J’ai le sentiment que le gouvernement ne sait pas vraiment ce qu’il veut faire des voies professionnelles. D’autant que créer 2 000 places, ce n’est rien du tout.

« On va rendre plus difficile l’insertion professionnelle de ceux qui seront pressés de gagner le monde du travail »

  • Pour permettre à ces élèves de poursuivre leurs études, le gouvernement promet des « classes passerelles » facilitant l’orientation des bacheliers professionnels vers les BTS. Est-ce un progrès à vos yeux ?

Il y a quelque chose de contradictoire dans les intentions du gouvernement. D’un côté, avec Parcoursup, on empêche un maximum d’élèves des filières « pros » et de « technos » d’aller vers l’université. C’était le but visé par la mise en place d’ « attendus » – et ce, même en filière non sélective – et en prétextant les difficultés que ces élèves pourraient rencontrer en licence, que personne ne conteste d’ailleurs. Et alors de l’autre côté, avec cette réforme du lycée professionnel, on dé-professionnalise la filière avec une seconde généraliste. Comment pourront-ils dès lors rejoindre des BTS ou des DUT, qui sont parmi les voies les plus sélectives ?

  • Comment rendre ces filières plus attractives, alors ?

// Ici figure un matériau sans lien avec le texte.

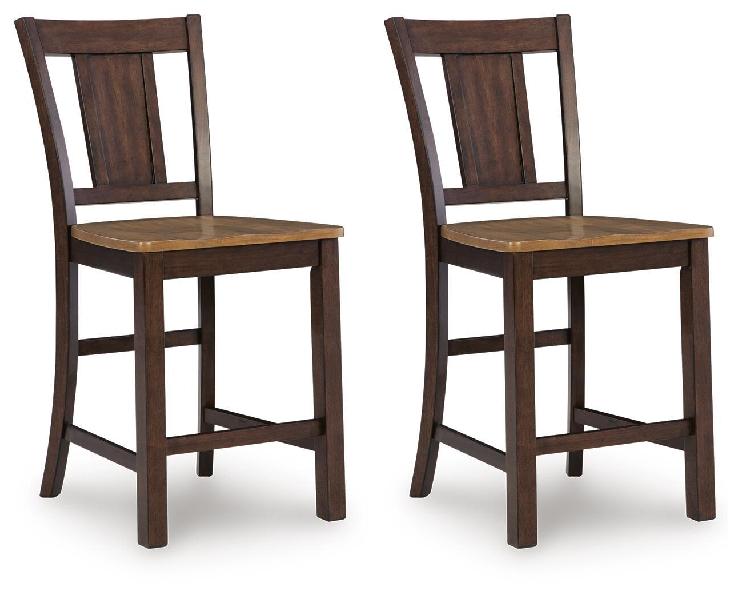 Image of Rylandeen - Barstool (Set of 2) - Light Brown / Dark Brown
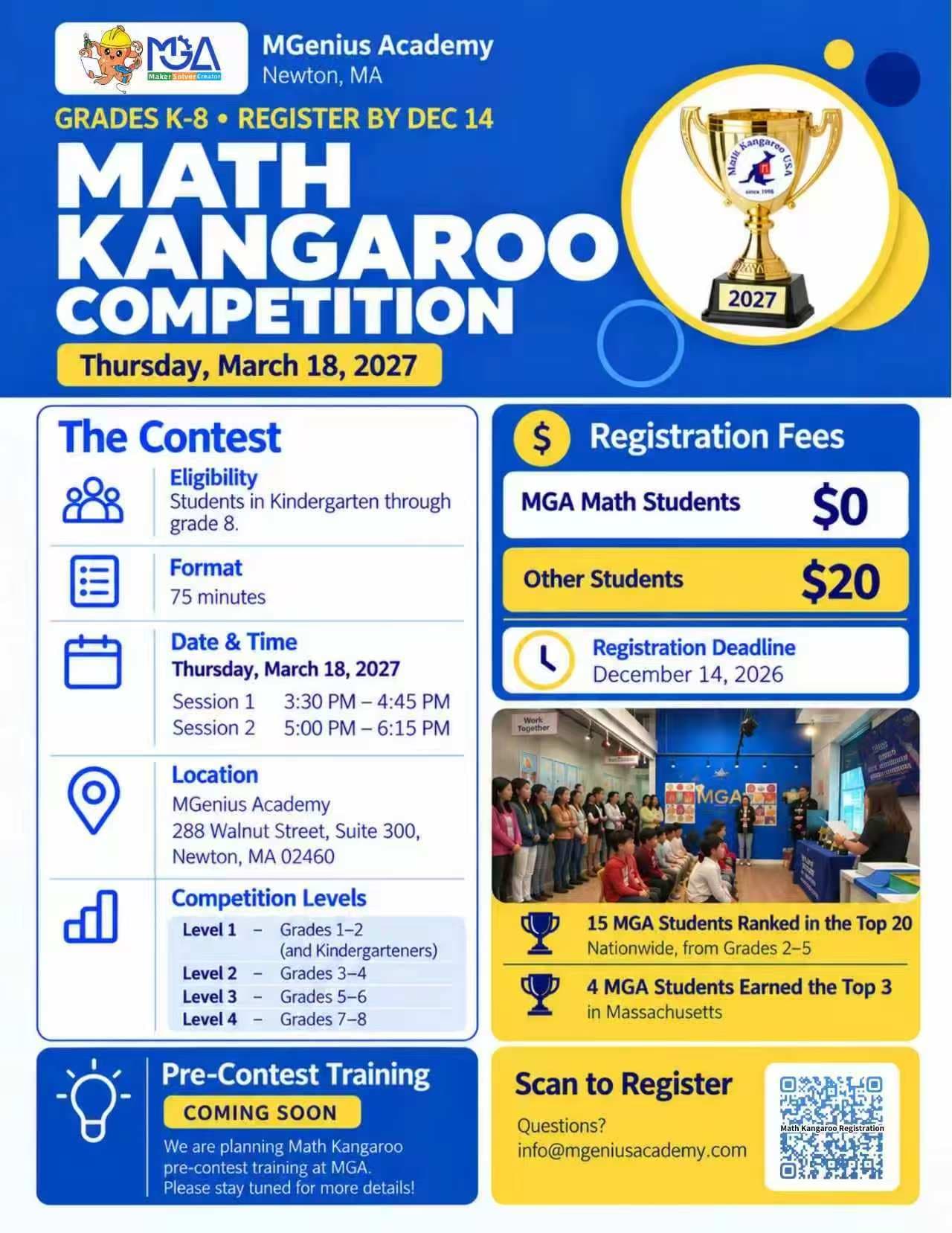 Math Kangaroo 2027 at MGenius Academy flyer with registration QR code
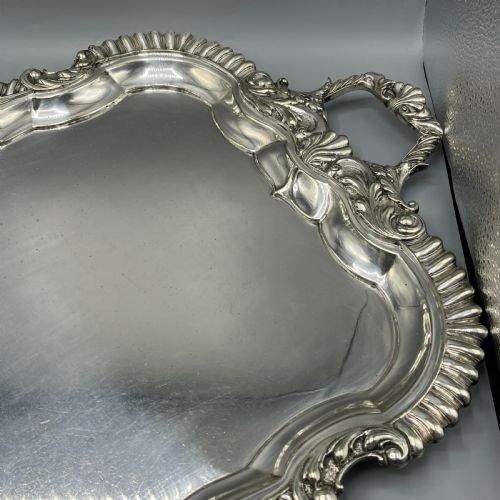 LARGE LONG VICTORIAN SILVER PLATED BUTLER SERVING TRAY - ADDITIONAL PHOTO 9
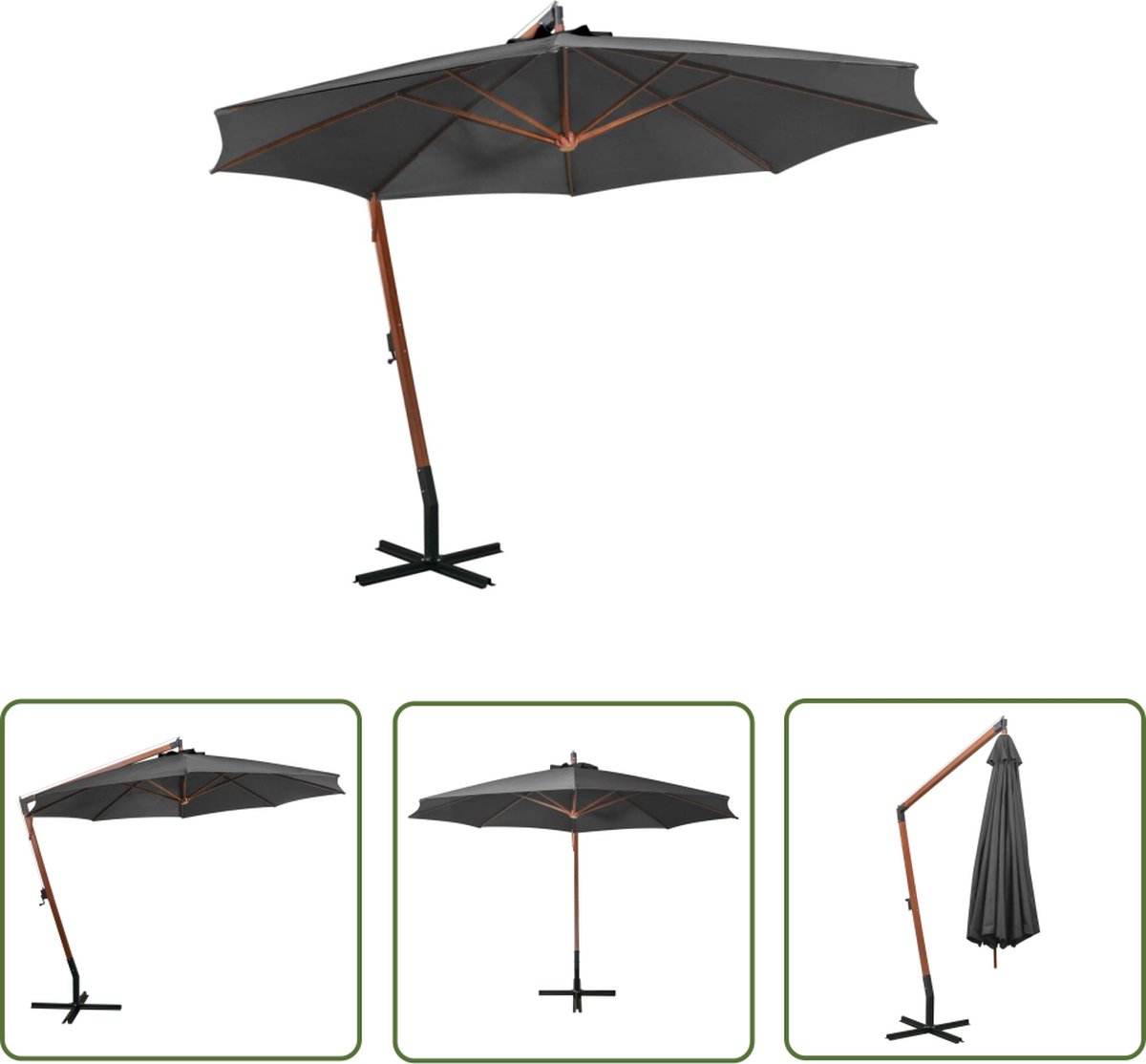 The Living Store Zweefparasol Antraciet Houten Paal - 350 cm - Waterdicht UV-bestendig Kleurvast - Montage vereist Zweefparasol - Parasol - Tuinset - Buitendrank - Hout - Balkon - Terras - Tuin - Zonwering - Anthrazit (8721031284741)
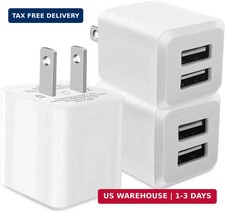 USB Wall Charger, Dual Port Cube Power Adapter Charger Plug Block Charging Box,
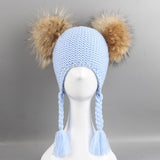 Crochet Double Pom Pom Hat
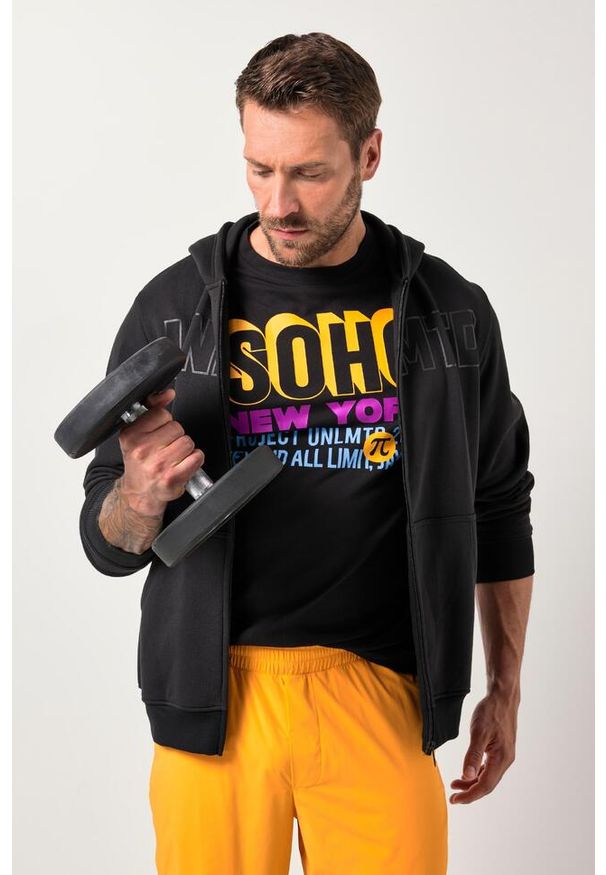 JAY-PI - Męska Kurtka treningowa fitness dzianina dresowa kaptur do rozm. 7XL. Kolekcja: plus size. Kolor: czarny. Materiał: materiał, poliester, bawełna. Sport: fitness
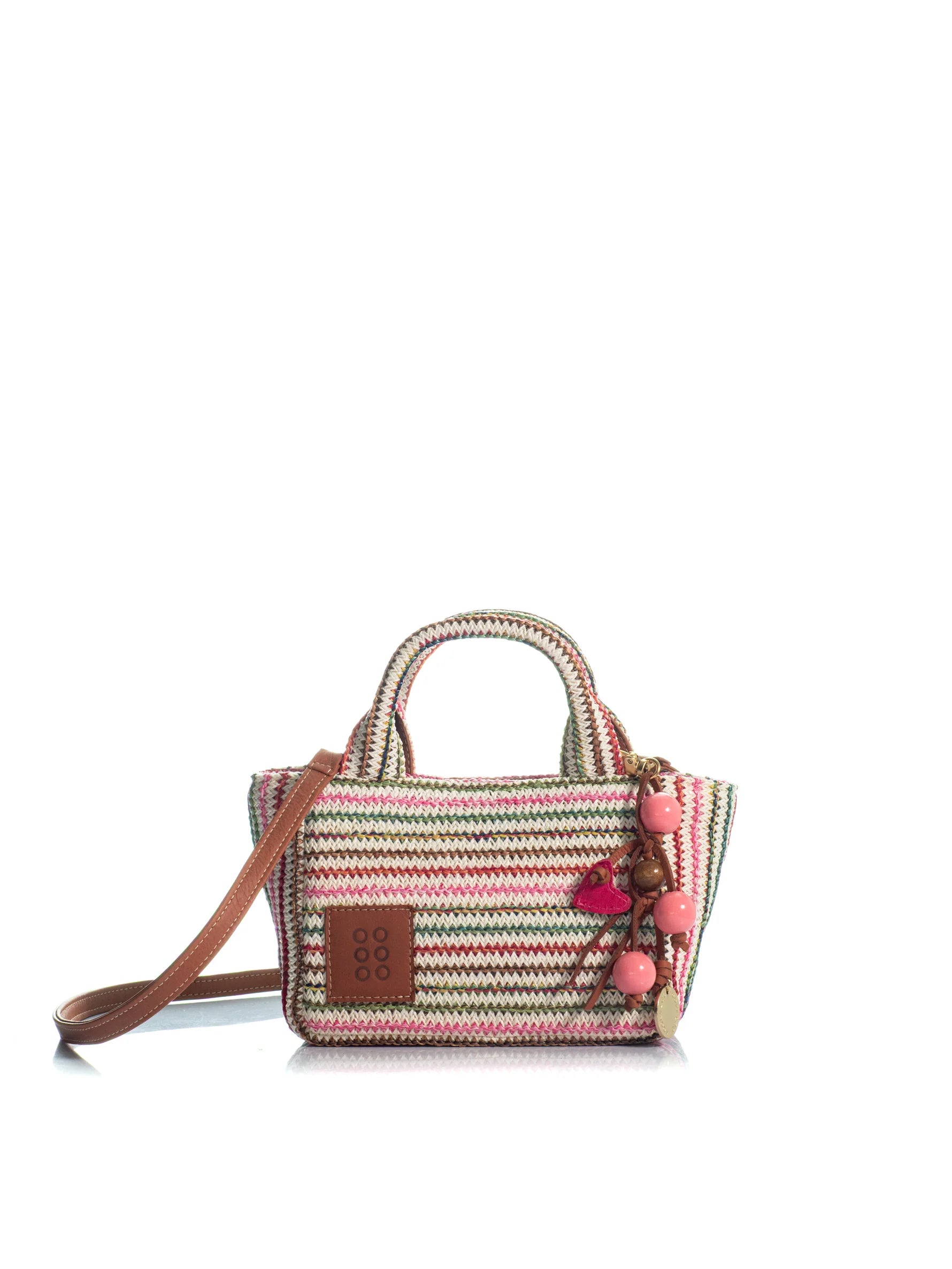 Striped handbag with pom-poms on a white background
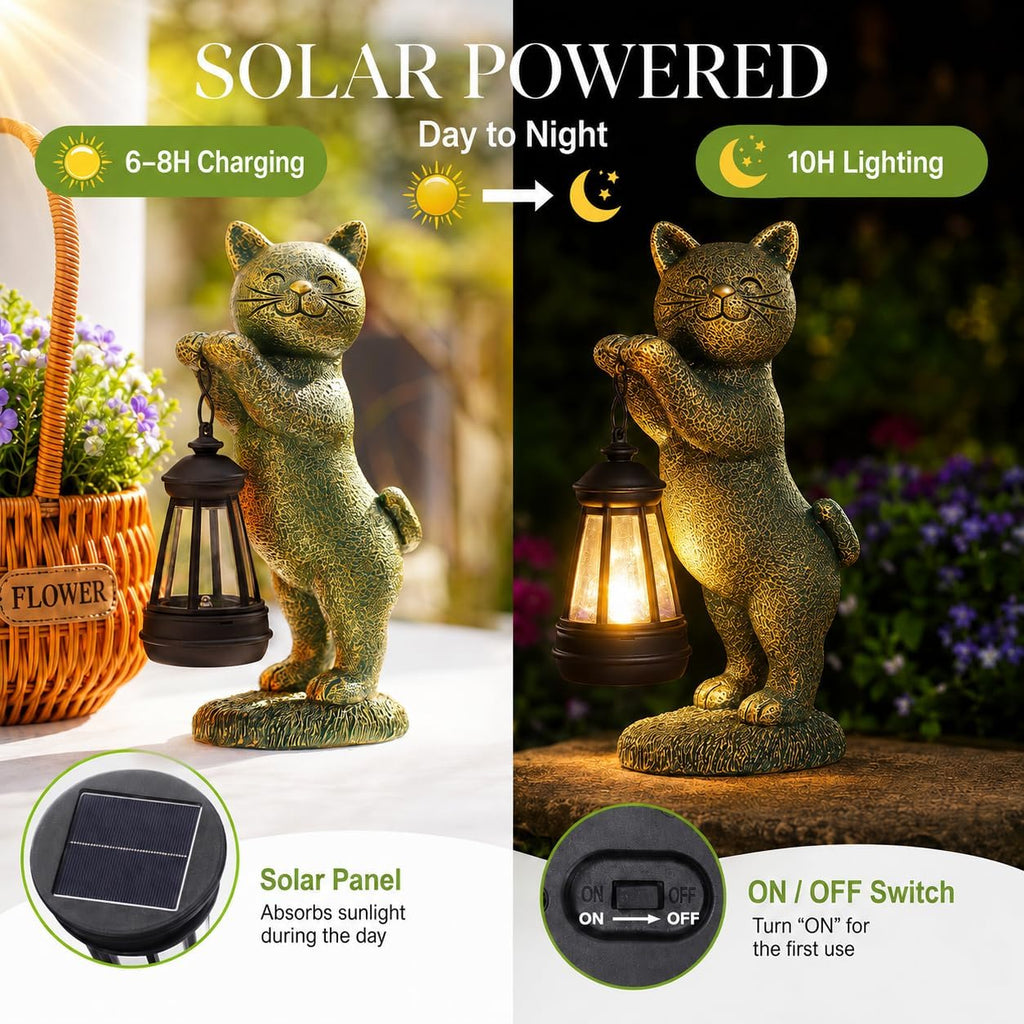 Nacome Cat Outdoor Statues for Garden with Solar Lantern | IP65 Waterproof,Outside Decor, Yard Art Lawn Ornaments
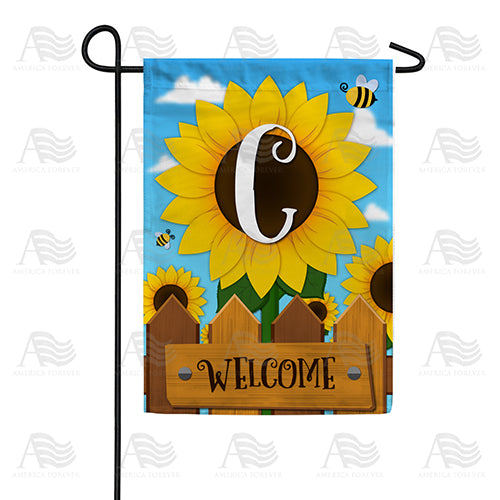 Sunflower Welcome Monogram Double Sided Garden Flag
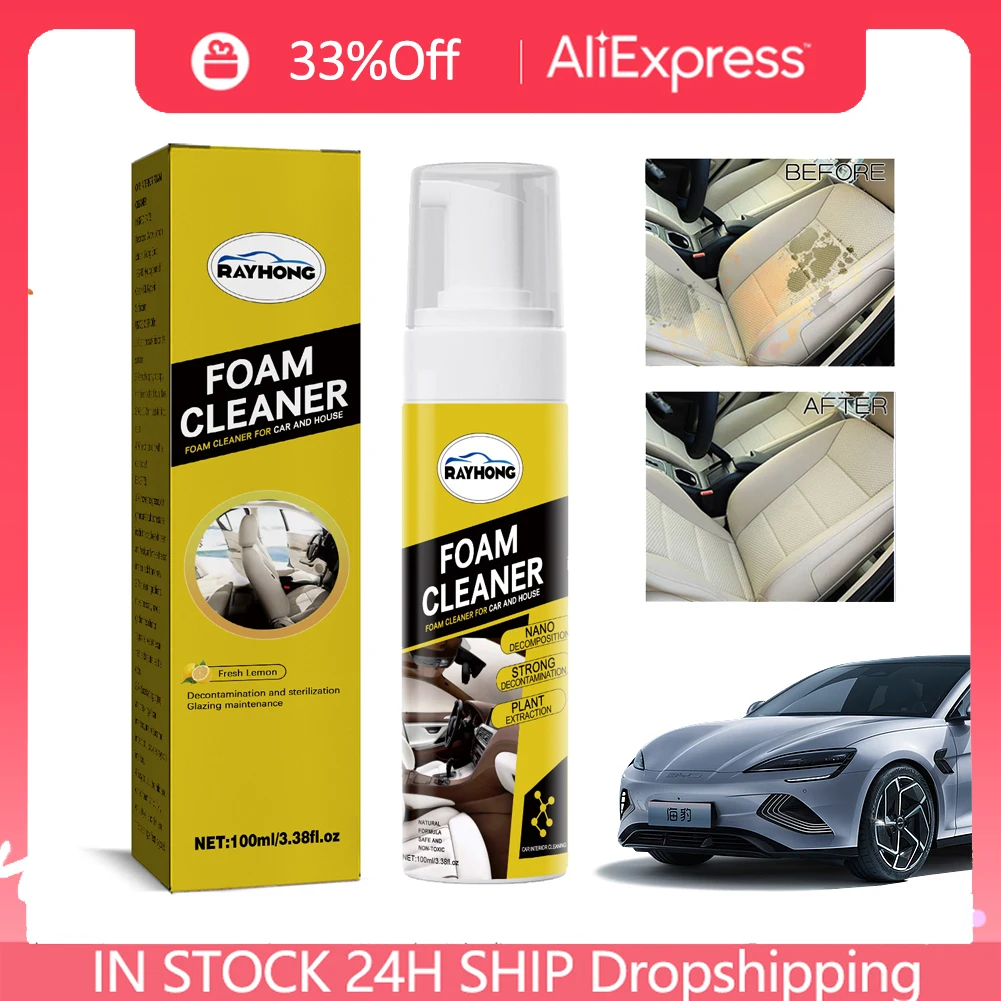 All Purpose Car Upholstery Cleaner Car Seat Roof Dashboard Auto Detail  Liquid Cleaner Leather Flannel Water-free Cleaning Tools - Paint Care -  AliExpress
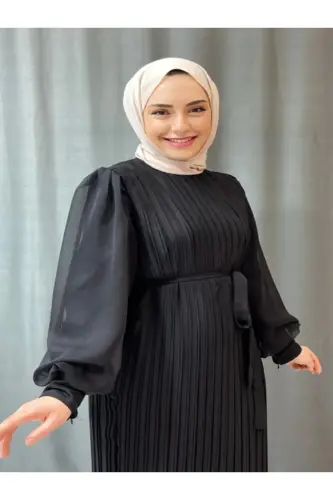 PLİSELİ JANJAN ŞİFON KADIN TESETTÜR ELBİSE GİYİM-Siyah - 6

Si vous voulez espérer que n’importe quel collégien se pose au moins la question de se diriger vers ces filières, il faudrait agir sur les conditions de travail et les émoluments des emplois qui peuvent être obtenus par ces formations. Là encore, on peut se gargariser de la création de campus dit « d’excellence » mais ça ne va pas changer la donne si les perspectives d’avenir sont minces. Ce qui changera la donne c’est qu’ils puissent envisager avoir un avenir social décent, que leur établissement s’appelle « lycée des métiers » ou « campus d’excellence ».